About this task: Repeat every line from the line containing "VEVOR Camping Tent, 6" to the end of the data, exactly. Leave the pictures out.

--- Records shown Enclosed Below ---

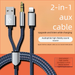 Compatible With AUX Audio Listen And Charge At The Same Time, 3.5mm Car Phone Speaker Cable, IPhone Adapter Cable_voghion.com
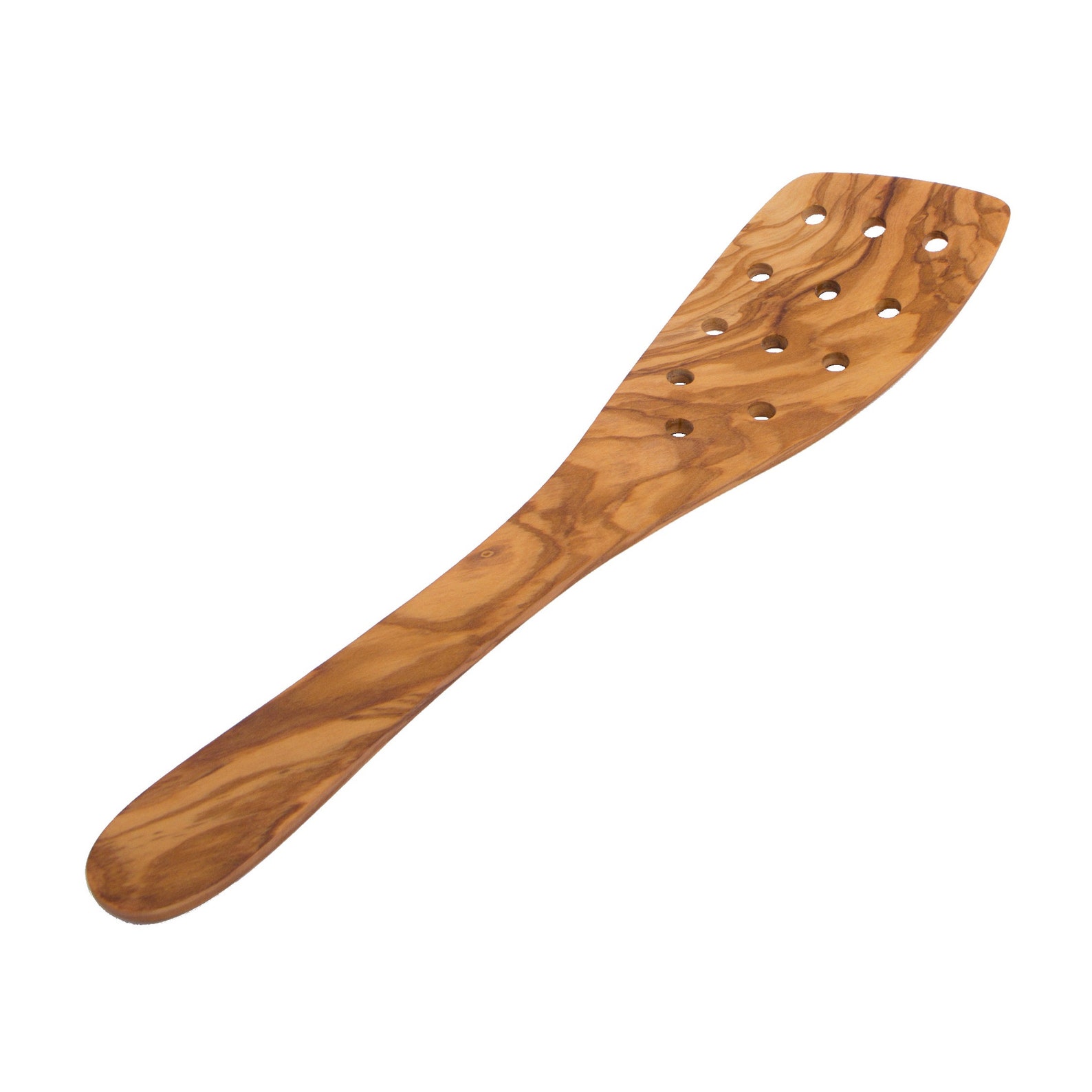 Large Olive Wood Spatula With Pierced Holes 32 Cm / Etsy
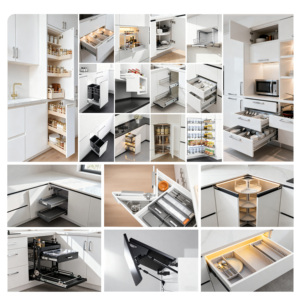 HAPPY HOUSES Mobili da Cucina in Legno Massello con Set Isola e Piano in Marmo, Cucina di Lusso <span class=keywords><strong>per</strong></span> Villa, Materiale Opzionale in PVC o MDF - Product Image 6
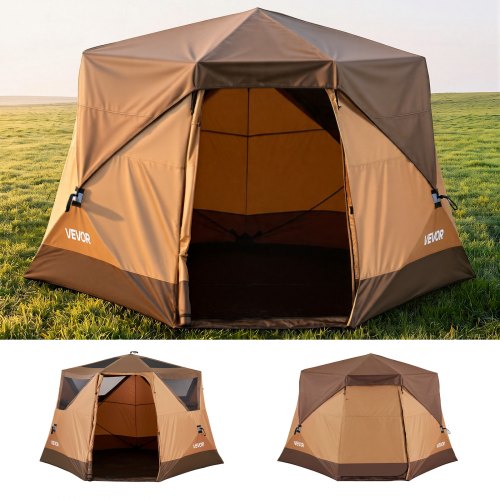VEVOR Camping Tent, 6 Person Pop Up Instant Cabin Tent with Rainfly & Large Mesh Windows, 60 Seconds Easy Setup, Portable Waterproof Cabin Hub Tents with Carry Bag for Family Outdoor Camping & Hiking - DCZ9684INCH570FH1001V0 - view 2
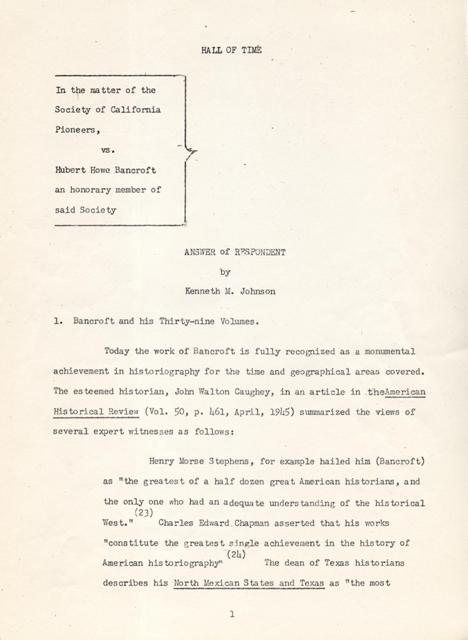 Image for Proceedings of The Society of California Pioneers in Reference to the Histories of Hubert Howe Bancroft. (Including:) Misrepresentations of early California history corrected : proceedings of the Society of California Pioneers in regard to certain misrepr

--- End of Enclosed Records shown ---

Expected answer:
VEVOR Camping Tent, 6 Person Pop Up Instant Cabin Tent with Rainfly & Large Mesh Windows, 60 Seconds Easy Setup, Portable Waterproof Cabin Hub Tents with Carry Bag for Family Outdoor Camping & Hiking - DCZ9684INCH570FH1001V0 - view 2
 Image for Proceedings of The Society of California Pioneers in Reference to the Histories of Hubert Howe Bancroft. (Including:) Misrepresentations of early California history corrected : proceedings of the Society of California Pioneers in regard to certain misrepr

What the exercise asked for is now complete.